Opinion
Docket Nos. 1,046, 1,047.
Decided November 9, 1966.
Appeal from Branch; Andrews (Mark S.), J. Submitted Division 3 March 10, 1966, at Grand Rapids. (Docket Nos. 1,046, 1,047.) Decided November 9, 1966.
Complaint by Josephine S. Sweezey against the Michigan State Highway Commission and Howard E. Hill, State Highway Director, for superintending control. (No. 1,047.) Similar complaint against same defendants by Lester R. Carl, Jr., and Annice Carl, Calvin F. Carl and Jacqueline Carl, Stanley E. Carl, and Clayton M. Carl. (No. 1,046.) Complaints dismissed on motion for accelerated judgment. Plaintiffs appeal. Reversed and remanded for further proceedings.

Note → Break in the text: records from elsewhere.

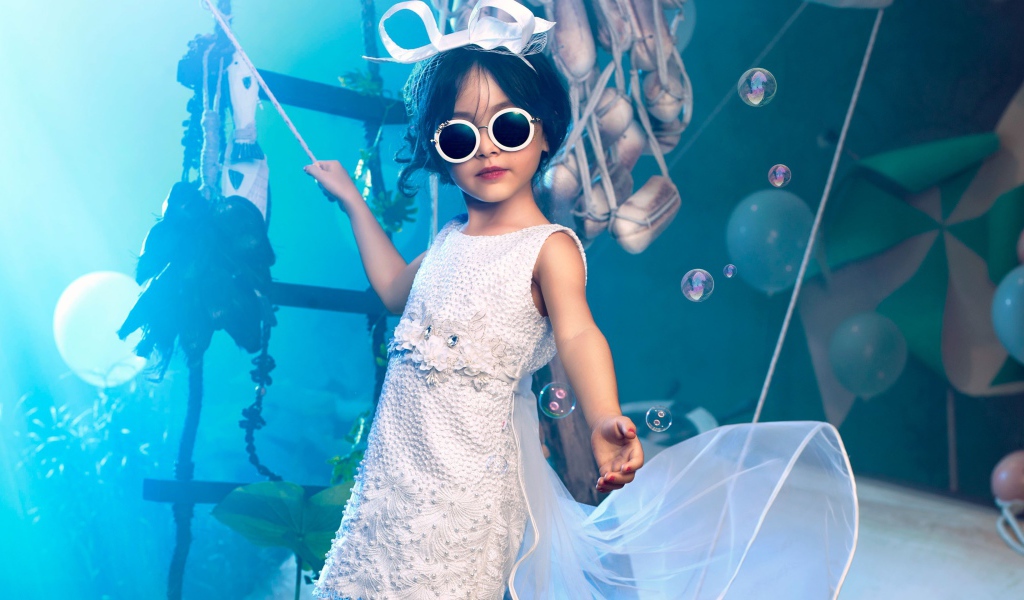 Маленькая девочка в белом платье и черных очках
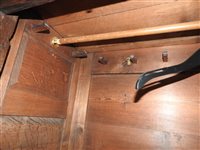 Lot 619 - A George III oak house keepers cupboard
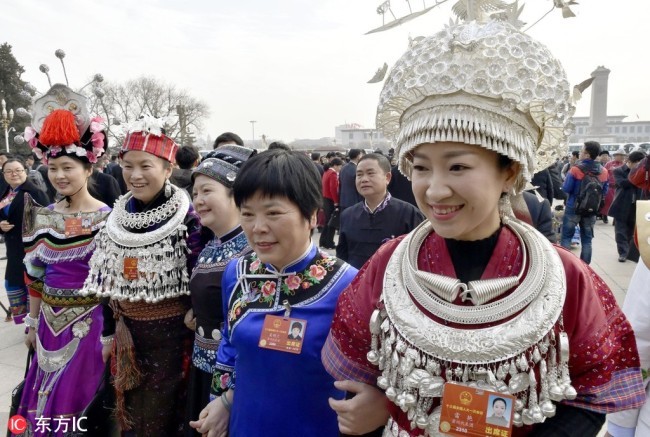 Delegates representing China's ethnic minority groups smile before entering the Great Hall of the People in Beijing on March 5, 2018, to attend the annual session of the National People's Congress. [File Photo: IC]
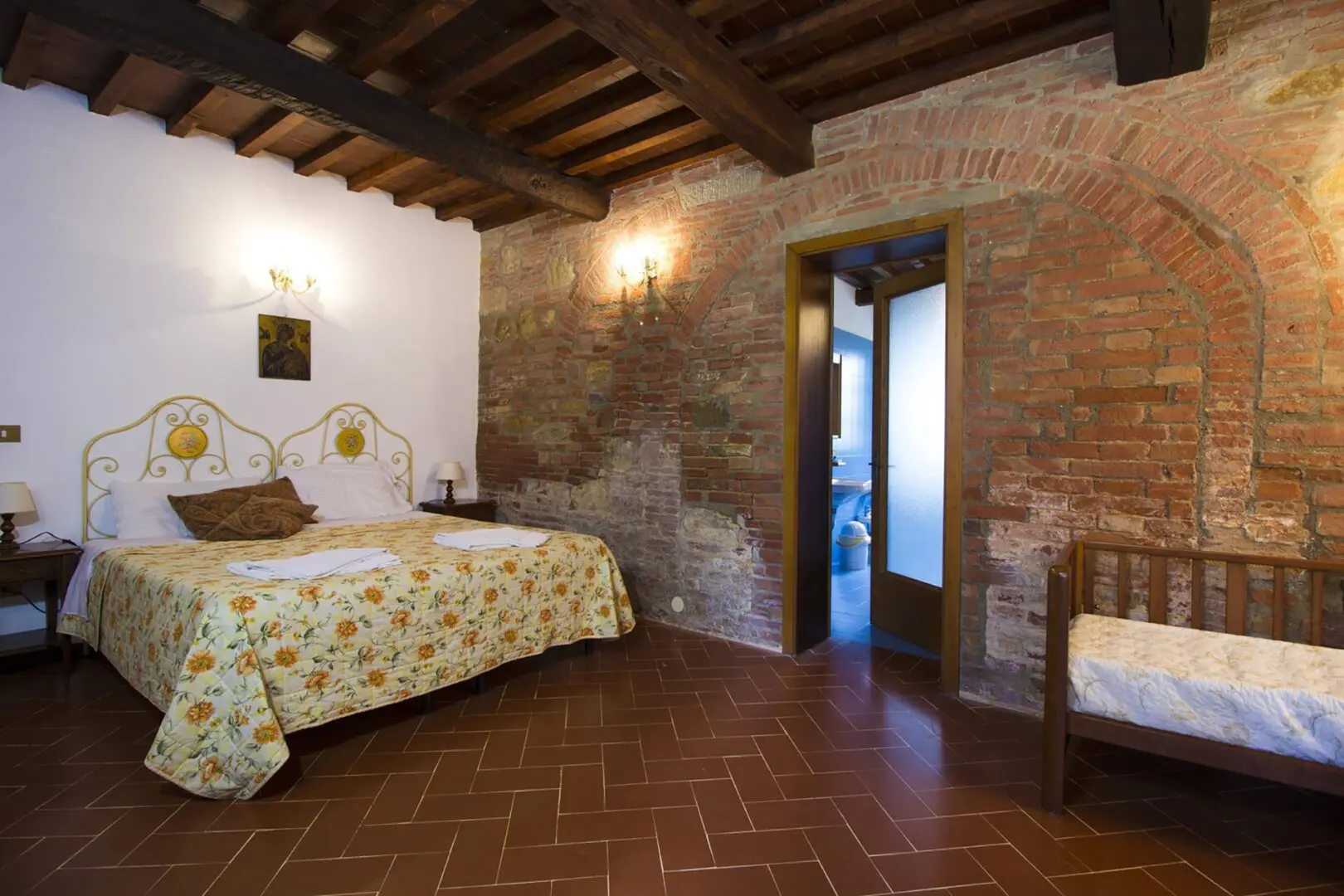 A bedroom with brick walls and wooden floors.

Wilcox Robison, for all plaintiffs.
Frank J. Kelley, Attorney General, Robert A. Derengoski, Solicitor General, and Louis J. Caruso, and Florence N. Clement, Assistant Attorneys General, for defendant.
These consolidated cases revolve about an attempt to challenge a determination of necessity by the Michigan State highway commission for the taking of property for State highway purposes. Plaintiffs invoked the method of using a complaint seeking the circuit court's power of superintending control over inferior courts and tribunals rather than by the method of certiorari which defendants claim is the proper procedure.
The question before us is whether it was error for the circuit court to dismiss plaintiff's complaint for superintending control for judicial review of the commission's determination of necessity or whether certiorari remains the proper method of review.
Plaintiffs contend that the certiorari provisions of PA 1925, No 352, § 27, as amended, have been superseded by GCR 1963, 711.3, and that compliance with section 27 is no longer required.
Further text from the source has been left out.